"Our research shows only a minority of small businesses in emerging markets have the necessary server systems to operate efficiently. Many others are making do with desktop computers that were designed as single-user PCs, or outmoded proprietary systems," said Willy Agatstein, general manager of Intel's Reseller Product Group. "Our goal is to provide the resources to these customers so they can compete on a global level."
Agatstein said Intel defines small businesses as any company with fewer than 100 employees, but that the vast majority of businesses that Intel wants to reach actually have fewer than 20 employees.
"Years ago a similar initiative targeted resellers, educating them about the best way to sell servers to small businesses," Agatstein said. "This time, we're kicking it up a notch to take care of the businesses that don't have a dedicated IT staff we want to reach out and educate all small businesses about the benefits of upgrading their infrastructures."

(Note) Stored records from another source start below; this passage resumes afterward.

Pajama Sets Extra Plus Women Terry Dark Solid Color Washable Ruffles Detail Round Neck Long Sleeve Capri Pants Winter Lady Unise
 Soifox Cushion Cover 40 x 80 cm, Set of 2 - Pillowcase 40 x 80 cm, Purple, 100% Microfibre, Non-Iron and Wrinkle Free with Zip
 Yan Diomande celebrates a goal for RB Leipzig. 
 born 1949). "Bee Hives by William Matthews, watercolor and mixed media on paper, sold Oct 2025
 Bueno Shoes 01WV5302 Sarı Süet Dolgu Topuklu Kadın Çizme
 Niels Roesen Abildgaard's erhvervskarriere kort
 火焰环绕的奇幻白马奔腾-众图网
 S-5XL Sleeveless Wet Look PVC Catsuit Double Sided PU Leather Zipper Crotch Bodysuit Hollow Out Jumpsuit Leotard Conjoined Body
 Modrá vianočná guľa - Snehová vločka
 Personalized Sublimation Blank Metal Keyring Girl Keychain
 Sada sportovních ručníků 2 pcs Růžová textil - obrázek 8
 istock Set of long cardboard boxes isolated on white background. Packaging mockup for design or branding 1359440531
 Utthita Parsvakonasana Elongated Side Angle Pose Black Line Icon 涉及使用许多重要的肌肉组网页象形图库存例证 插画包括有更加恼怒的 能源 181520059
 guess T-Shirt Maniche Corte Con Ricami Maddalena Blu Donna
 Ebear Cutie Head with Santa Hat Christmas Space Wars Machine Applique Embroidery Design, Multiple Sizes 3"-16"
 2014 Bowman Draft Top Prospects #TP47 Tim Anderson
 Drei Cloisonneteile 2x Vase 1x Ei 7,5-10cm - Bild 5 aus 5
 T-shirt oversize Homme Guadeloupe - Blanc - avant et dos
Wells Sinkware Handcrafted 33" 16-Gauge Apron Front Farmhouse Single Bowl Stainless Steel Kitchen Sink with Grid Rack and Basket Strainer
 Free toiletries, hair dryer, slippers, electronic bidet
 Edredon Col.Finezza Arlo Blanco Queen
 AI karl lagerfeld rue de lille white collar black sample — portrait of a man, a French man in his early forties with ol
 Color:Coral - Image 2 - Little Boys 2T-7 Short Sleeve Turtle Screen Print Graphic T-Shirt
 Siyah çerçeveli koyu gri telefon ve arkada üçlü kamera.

Through the "real server campaign" that is being rolled out worldwide this week, Intel will work with industry partners in its reseller channel, including distributors, dealers, system builders, local original equipment manufacturers and solution providers, to provide technical and marketing assistance to reach small- and mid-sized businesses. Emerging computer markets around the world, such as China, India, Brazil, Mexico, and Russia, will receive special focus.
Agatstein said that a fair share of Intel's recent growth originated in small businesses overseas specifically Europe and Asia. While the heart of Intel's message is that all small businesses have room to grow, Agatstein said it's really a reminder of things many small business operators already know.
"Most small businesses start with one person and a PC," Agatstein said. "They start with an idea and a database then add a print server or a fax server and then network a system around that single PC. Desktop PCs are designed for processing applications, not supporting entire small business infrastructures."
Many small businesses don't have the correct server equipment to meet the modern demands of business computing, which include multitasking, security, networking, and extensive storage. The right server can deliver a total cost advantage, including lowered operating costs, improved performance, and room to grow. But more than anything else, a proper server system, ideally powered by an Intel chip such as the Xeon processor, allows small businesses to stay in business.
Agatstein shared a typical example of the advantages of putting a proper server system to work for a small business.
"My daughter's dance studio recently had to have every one of its current customers fill out new paperwork for all the students," Agatstein explained. "Why? Because the one PC that held its entire customer database crashed and they were essentially out of business. This is just the type of situation our initiative is designed to reach averting a business computing disaster before it happens."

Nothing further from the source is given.